EXERCISE -> In the reply, give back exactly the lines from the one with "brecon beacons national" through the last line of the records, without pictures.

(Collected data)

━━━━━━━━━━━━━━━━━━━━━━━━━━━━━━

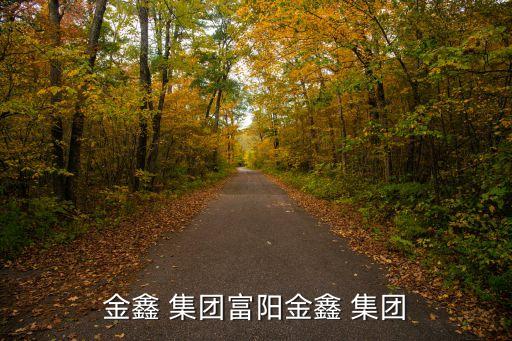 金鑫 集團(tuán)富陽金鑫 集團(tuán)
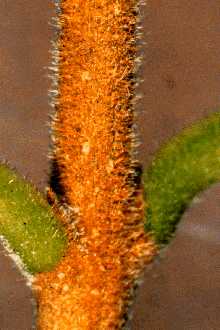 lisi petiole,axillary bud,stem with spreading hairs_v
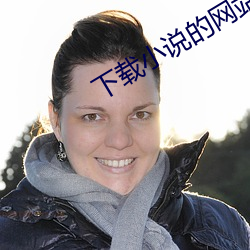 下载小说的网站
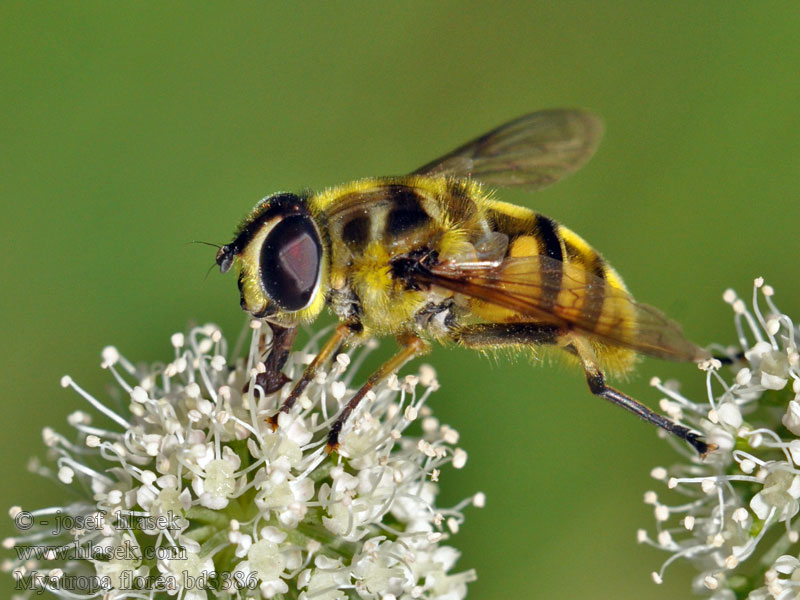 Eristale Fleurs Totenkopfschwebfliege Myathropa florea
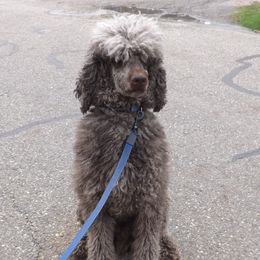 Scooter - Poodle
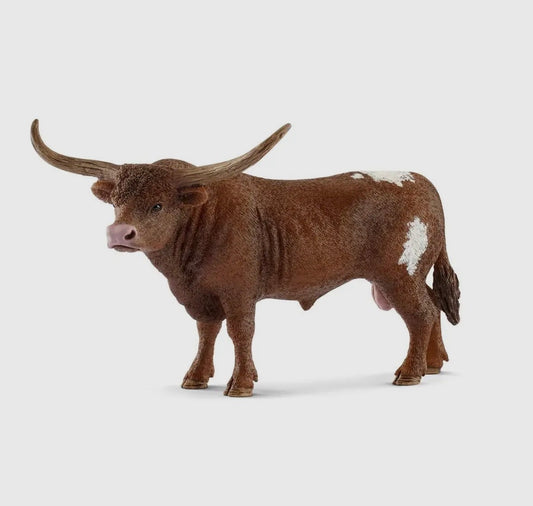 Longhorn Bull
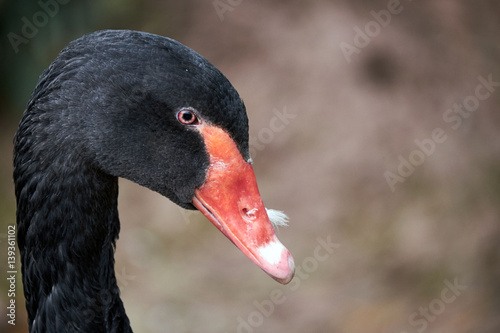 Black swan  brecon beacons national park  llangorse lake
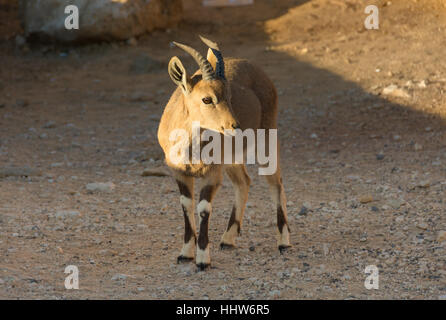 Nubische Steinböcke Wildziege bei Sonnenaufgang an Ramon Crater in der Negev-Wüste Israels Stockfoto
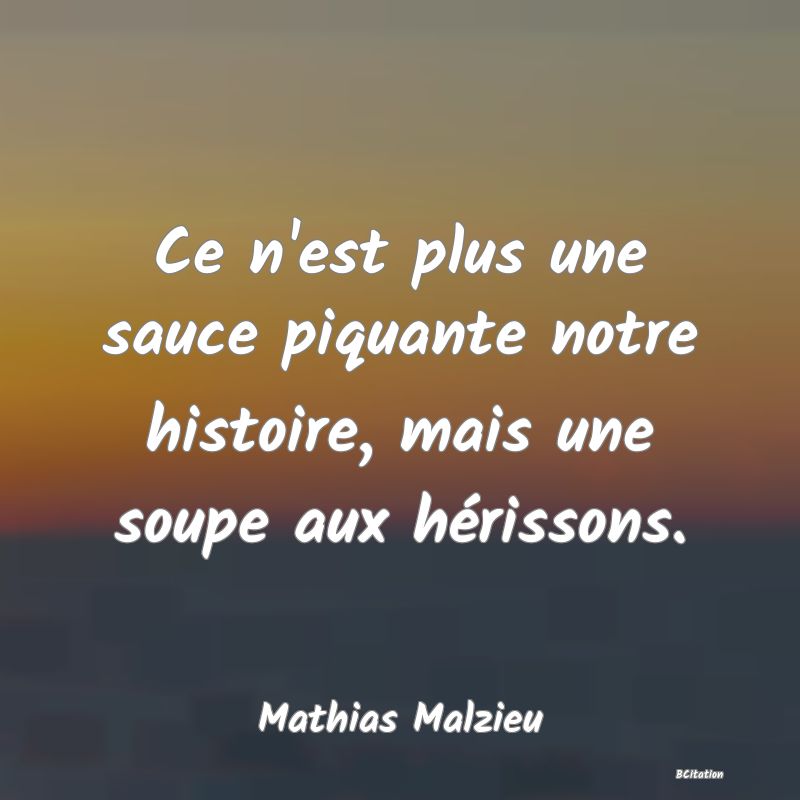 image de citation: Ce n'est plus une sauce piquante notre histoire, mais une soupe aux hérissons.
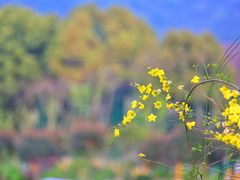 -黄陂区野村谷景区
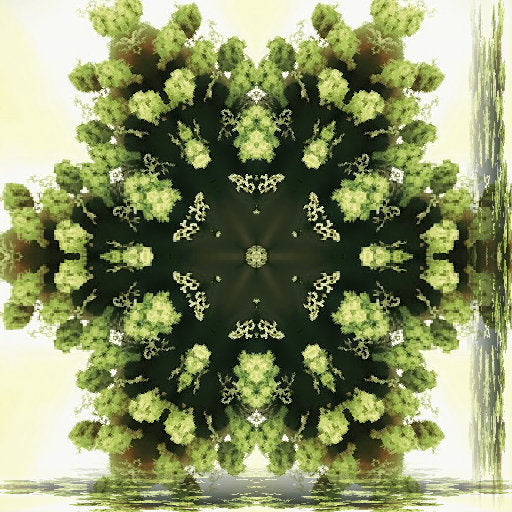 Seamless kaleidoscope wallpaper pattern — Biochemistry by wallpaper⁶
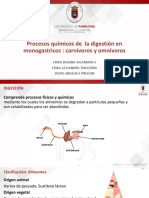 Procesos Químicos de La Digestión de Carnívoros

━━━━━━━━━━━━━━━━━━━━━━━━━━━━━━

EXERCISE SOLUTION ->
 Black swan  brecon beacons national park  llangorse lake
 Nubische Steinböcke Wildziege bei Sonnenaufgang an Ramon Crater in der Negev-Wüste Israels Stockfoto
 image de citation: Ce n'est plus une sauce piquante notre histoire, mais une soupe aux hérissons.
 -黄陂区野村谷景区
 Seamless kaleidoscope wallpaper pattern — Biochemistry by wallpaper⁶
 Procesos Químicos de La Digestión de Carnívoros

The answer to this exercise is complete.